In the file pkg/skaffold/build/local/local.go there is a code:
func (b *Builder) Build(ctx context.Context, out io.Writer, a *latest.Artifact) build.ArtifactBuilder {
if b.prune {
b.localPruner.asynchronousCleanupOldImages(ctx, []string{a.ImageName})
}
builder := build.WithLogFile(b.buildArtifact, b.muted)
return builder
It eventually calls cleanup with sync = false:
func (p *pruner) cleanup(ctx context.Context, sync bool, artifacts []string) {
toPrune := p.collectImagesToPrune(ctx, artifacts)
if len(toPrune) == 0 {
return
}
if sync {
err := p.runPrune(ctx, toPrune)
if err != nil {
log.Entry(ctx).Debugf("Failed to prune: %v", err)
}
} else {
go func() {
err := p.runPrune(ctx, toPrune)
if err != nil {
log.Entry(ctx).Debugf("Failed to prune: %v", err)
}
}()
}
}
If there are a lot of fat docker images, then the runPrune will take some time to delete them.

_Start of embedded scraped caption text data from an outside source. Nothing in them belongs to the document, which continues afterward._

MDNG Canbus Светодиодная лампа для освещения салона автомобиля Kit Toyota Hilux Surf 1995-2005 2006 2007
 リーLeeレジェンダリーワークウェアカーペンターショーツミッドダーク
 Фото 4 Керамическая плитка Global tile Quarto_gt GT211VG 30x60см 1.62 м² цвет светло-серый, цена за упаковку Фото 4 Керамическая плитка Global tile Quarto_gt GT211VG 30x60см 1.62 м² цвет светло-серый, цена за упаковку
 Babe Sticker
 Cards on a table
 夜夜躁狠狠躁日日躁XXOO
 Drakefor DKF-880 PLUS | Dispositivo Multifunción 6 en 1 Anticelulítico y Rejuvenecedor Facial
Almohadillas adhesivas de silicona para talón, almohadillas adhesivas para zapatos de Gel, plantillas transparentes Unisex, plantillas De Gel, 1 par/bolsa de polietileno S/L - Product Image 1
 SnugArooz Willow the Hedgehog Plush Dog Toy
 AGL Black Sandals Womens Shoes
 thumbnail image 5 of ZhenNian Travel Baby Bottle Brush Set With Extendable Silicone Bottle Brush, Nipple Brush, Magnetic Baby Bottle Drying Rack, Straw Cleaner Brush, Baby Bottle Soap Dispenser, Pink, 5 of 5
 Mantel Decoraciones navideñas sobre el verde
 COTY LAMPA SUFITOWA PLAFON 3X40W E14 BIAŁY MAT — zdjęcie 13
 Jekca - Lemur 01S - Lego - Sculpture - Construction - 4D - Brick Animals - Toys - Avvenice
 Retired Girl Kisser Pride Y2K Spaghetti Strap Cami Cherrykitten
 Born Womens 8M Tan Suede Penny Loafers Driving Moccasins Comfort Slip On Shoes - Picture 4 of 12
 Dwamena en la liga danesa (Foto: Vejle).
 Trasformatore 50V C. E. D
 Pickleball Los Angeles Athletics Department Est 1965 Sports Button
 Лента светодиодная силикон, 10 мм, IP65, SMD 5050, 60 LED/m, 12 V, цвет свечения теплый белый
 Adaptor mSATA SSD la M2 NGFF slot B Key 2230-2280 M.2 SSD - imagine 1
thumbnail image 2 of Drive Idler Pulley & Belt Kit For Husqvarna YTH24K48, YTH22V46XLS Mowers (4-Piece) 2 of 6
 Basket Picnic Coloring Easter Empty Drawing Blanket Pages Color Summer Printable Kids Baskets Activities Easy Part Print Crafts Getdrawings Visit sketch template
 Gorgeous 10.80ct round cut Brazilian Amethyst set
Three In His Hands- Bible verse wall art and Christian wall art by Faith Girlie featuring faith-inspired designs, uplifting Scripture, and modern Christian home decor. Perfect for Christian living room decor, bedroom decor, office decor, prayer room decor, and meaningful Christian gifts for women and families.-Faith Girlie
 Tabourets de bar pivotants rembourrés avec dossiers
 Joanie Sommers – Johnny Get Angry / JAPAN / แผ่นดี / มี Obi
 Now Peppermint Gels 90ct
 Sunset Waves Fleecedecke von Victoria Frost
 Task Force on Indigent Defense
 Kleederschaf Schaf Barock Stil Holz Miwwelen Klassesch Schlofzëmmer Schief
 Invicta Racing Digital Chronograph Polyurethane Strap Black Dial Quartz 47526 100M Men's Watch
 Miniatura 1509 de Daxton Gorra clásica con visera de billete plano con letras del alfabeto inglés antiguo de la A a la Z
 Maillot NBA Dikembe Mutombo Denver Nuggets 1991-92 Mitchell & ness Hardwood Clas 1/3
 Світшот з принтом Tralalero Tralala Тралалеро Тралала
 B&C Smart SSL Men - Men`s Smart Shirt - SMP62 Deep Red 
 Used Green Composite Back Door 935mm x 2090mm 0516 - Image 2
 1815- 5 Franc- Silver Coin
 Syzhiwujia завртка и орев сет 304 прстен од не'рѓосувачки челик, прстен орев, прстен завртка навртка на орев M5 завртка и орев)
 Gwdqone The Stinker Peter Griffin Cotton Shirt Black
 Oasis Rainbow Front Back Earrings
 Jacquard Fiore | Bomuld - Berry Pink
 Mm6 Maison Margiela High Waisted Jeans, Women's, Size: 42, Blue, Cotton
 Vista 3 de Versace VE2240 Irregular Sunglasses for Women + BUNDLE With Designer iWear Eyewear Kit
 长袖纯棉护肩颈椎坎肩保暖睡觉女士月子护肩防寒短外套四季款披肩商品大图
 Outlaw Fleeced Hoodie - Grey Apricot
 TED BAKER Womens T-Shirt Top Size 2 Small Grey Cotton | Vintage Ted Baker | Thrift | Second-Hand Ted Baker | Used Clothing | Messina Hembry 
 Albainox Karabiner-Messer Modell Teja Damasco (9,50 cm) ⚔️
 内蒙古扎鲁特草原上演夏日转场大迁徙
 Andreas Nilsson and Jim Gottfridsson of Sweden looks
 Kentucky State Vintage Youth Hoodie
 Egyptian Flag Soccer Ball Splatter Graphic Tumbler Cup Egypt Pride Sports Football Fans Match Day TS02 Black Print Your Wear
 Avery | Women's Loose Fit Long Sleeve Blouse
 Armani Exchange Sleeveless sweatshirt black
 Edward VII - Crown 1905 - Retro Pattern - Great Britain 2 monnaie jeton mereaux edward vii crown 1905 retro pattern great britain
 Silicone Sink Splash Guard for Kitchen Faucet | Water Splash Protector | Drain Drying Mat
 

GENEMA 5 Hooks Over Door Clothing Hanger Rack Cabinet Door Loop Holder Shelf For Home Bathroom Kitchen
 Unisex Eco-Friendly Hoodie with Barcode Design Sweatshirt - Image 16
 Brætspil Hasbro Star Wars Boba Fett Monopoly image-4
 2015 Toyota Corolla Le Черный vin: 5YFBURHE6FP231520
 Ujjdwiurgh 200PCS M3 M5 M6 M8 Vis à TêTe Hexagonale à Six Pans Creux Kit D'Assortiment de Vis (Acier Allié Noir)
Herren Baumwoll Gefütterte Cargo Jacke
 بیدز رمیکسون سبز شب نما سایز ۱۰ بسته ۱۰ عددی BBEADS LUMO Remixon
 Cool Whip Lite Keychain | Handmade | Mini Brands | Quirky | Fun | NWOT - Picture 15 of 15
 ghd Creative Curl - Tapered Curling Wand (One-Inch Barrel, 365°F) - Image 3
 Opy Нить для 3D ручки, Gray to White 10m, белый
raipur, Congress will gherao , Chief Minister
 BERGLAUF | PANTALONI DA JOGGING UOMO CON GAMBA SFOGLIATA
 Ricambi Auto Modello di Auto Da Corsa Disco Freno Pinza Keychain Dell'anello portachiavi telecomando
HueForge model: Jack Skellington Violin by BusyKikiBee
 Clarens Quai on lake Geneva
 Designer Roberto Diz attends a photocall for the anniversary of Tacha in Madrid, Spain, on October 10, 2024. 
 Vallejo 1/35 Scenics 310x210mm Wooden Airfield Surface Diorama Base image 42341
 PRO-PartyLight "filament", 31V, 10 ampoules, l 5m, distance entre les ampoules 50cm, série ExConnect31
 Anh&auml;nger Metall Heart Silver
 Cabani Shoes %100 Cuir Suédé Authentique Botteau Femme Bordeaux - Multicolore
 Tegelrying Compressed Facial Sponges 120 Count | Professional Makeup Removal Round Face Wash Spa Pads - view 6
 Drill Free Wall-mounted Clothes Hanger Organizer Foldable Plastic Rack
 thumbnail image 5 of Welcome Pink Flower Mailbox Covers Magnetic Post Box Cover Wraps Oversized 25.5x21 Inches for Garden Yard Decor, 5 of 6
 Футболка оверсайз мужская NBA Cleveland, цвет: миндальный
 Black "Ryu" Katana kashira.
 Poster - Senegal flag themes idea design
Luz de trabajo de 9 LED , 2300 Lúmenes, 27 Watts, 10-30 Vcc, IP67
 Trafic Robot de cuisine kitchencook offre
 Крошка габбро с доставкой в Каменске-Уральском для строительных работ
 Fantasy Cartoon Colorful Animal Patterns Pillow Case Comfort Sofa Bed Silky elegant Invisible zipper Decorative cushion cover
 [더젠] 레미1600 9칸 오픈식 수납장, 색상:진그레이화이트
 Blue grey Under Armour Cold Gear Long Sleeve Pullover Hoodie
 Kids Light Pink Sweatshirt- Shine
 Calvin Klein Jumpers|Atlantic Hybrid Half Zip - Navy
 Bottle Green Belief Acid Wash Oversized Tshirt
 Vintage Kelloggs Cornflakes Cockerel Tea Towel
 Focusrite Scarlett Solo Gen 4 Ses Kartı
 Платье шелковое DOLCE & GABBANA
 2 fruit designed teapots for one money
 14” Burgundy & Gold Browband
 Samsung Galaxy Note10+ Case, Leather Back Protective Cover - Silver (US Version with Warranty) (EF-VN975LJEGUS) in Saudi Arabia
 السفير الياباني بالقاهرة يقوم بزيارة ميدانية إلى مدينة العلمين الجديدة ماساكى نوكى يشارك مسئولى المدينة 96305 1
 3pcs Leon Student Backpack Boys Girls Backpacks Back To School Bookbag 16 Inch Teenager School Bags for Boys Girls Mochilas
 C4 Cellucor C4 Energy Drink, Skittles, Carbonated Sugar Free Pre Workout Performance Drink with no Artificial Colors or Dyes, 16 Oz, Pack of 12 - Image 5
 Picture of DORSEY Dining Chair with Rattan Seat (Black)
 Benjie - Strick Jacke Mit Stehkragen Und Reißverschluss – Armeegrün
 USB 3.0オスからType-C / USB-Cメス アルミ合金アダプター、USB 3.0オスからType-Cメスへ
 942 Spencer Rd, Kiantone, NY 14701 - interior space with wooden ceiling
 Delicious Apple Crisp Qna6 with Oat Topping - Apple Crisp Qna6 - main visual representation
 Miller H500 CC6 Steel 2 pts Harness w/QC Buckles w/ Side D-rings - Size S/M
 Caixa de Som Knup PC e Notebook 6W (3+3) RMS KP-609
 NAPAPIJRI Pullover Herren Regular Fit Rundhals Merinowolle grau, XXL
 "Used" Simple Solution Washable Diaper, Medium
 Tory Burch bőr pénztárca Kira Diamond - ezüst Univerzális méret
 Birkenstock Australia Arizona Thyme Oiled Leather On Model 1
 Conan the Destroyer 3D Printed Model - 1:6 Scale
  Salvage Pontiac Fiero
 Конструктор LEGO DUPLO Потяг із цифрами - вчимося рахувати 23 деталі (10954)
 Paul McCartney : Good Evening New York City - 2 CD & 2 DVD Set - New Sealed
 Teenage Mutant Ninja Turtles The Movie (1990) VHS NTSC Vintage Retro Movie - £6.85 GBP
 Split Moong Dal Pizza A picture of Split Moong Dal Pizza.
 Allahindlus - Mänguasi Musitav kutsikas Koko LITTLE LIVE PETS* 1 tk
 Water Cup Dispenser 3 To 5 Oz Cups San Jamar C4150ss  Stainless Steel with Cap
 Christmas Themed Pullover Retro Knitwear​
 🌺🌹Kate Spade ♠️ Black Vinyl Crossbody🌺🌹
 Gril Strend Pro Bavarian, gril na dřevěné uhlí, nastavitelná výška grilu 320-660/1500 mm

Meanwhile the rebuild process is running concurrently and might to finish image rebuild before the runPrune call completes. If that happens you might see events in wrong order:
- First rebuild the docker image by id
- Second delete the docker image by id
If there were no changes in the docker file then the id of the image have not been changed. And the Skaffold deleted it. Due to that the project will not be able to start due to missing image ( ErrImagePull).
It is possible to run the prune with sync = true to fix that:
diff --git a/pkg/skaffold/build/local/local.go b/pkg/skaffold/build/local/local.go
index 368894b36..768a5d570 100644
--- a/pkg/skaffold/build/local/local.go
+++ b/pkg/skaffold/build/local/local.go
@@ -32,7 +32,7 @@ import (
// its checksum. It streams build progress to the writer argument.
func (b *Builder) Build(ctx context.Context, out io.Writer, a *latest.Artifact) build.ArtifactBuilder {
if b.prune {
- b.localPruner.asynchronousCleanupOldImages(ctx, []string{a.ImageName})
+ b.localPruner.synchronousCleanupOldImages(ctx, []string{a.ImageName})
}
builder := build.WithLogFile(b.buildArtifact, b.muted)
return builder
But it kills the performance, because docker is slow to delete the images.